The survey frontrunners will likely see the ranks of their friends, fair weather or otherwise, increasing – with all the concomitant perks. The frontrunners can have a stronger voice in influencing public policy. Take that, tambaloslos!

And who would lose?

The same survey frontrunners, who could suffer the fate of former vice president Jejomar Binay and former House speaker Manny Villar. “Presidentiables” who peak early also draw enemies early along with special operations to bring them down.

VP Sara is seeing this now; Raffy Tulfo could soon see the same.

Yesterday, Pulse Asia released the results of its performance survey on the top four officials of the land, taken on March 24 this year and compared to the ratings on Dec. 23, 2023. This survey showed the VP’s performance rating down by seven points, from 74 percent in December to 67 percent last month.

BBM suffered the worst drop among the four top officials: 13 percent, from 68 to 55 percent. He should wonder if his favorite cousin is dragging him down.

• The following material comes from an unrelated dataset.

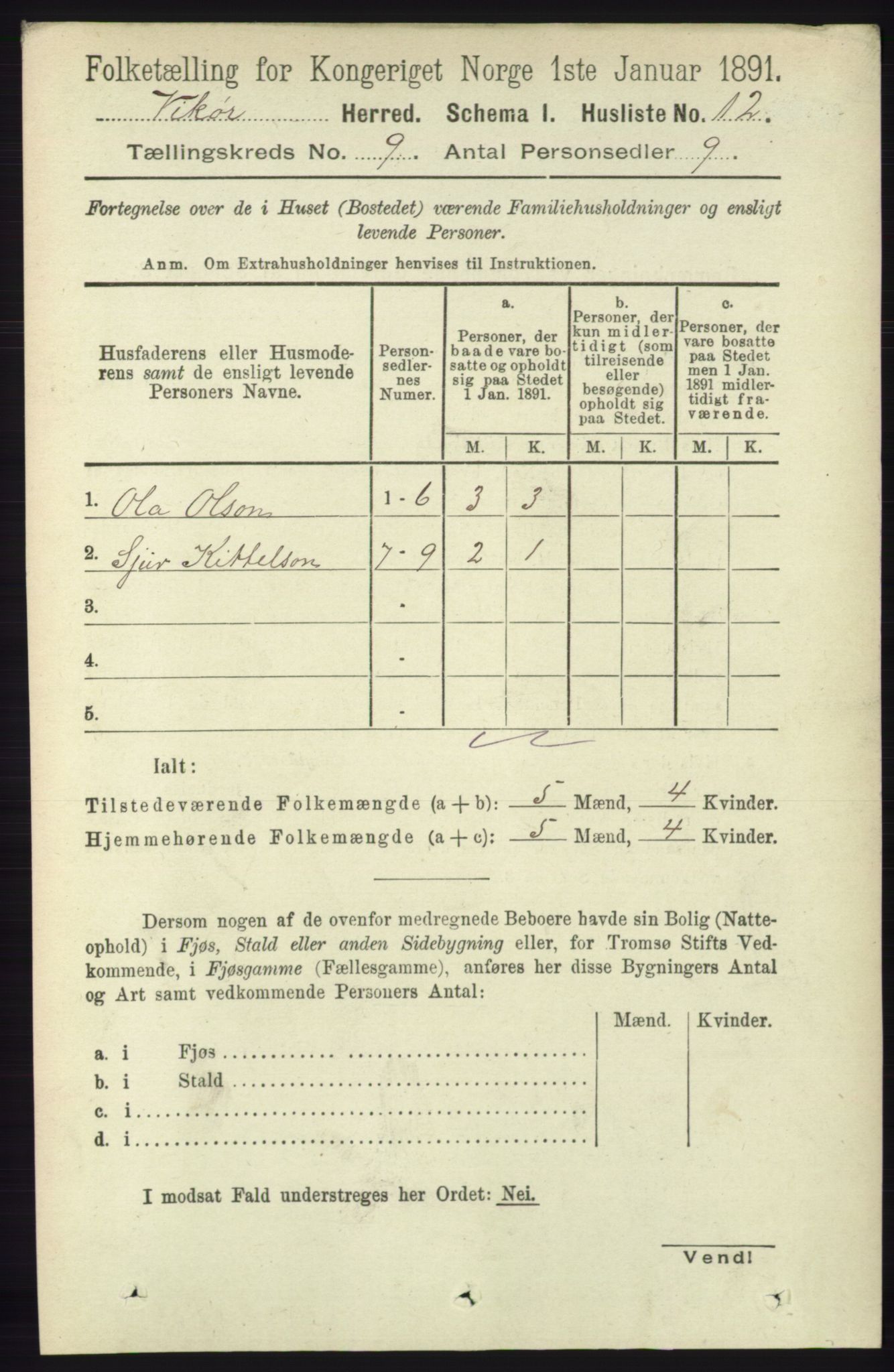 RA, 1891 census for 1238 Vikør, 1891, p. 2631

Speaker Romualdez saw his rating fall by eight percent in the same survey, from 39 percent in December to 31 percent.

The main controversy last month was not rice or inflation, but Cha-cha. Surely BBM sees the significance of Migz Zubiri, beset by coup rumors amid his reluctance to dance the Cha-cha, being the only top official who registered an improvement in his performance rating, from 49 percent in December to 52 last month.

How might pro-Cha-cha congressmen react?

Why, they might go to the Supreme Court, to stop those pesky surveys.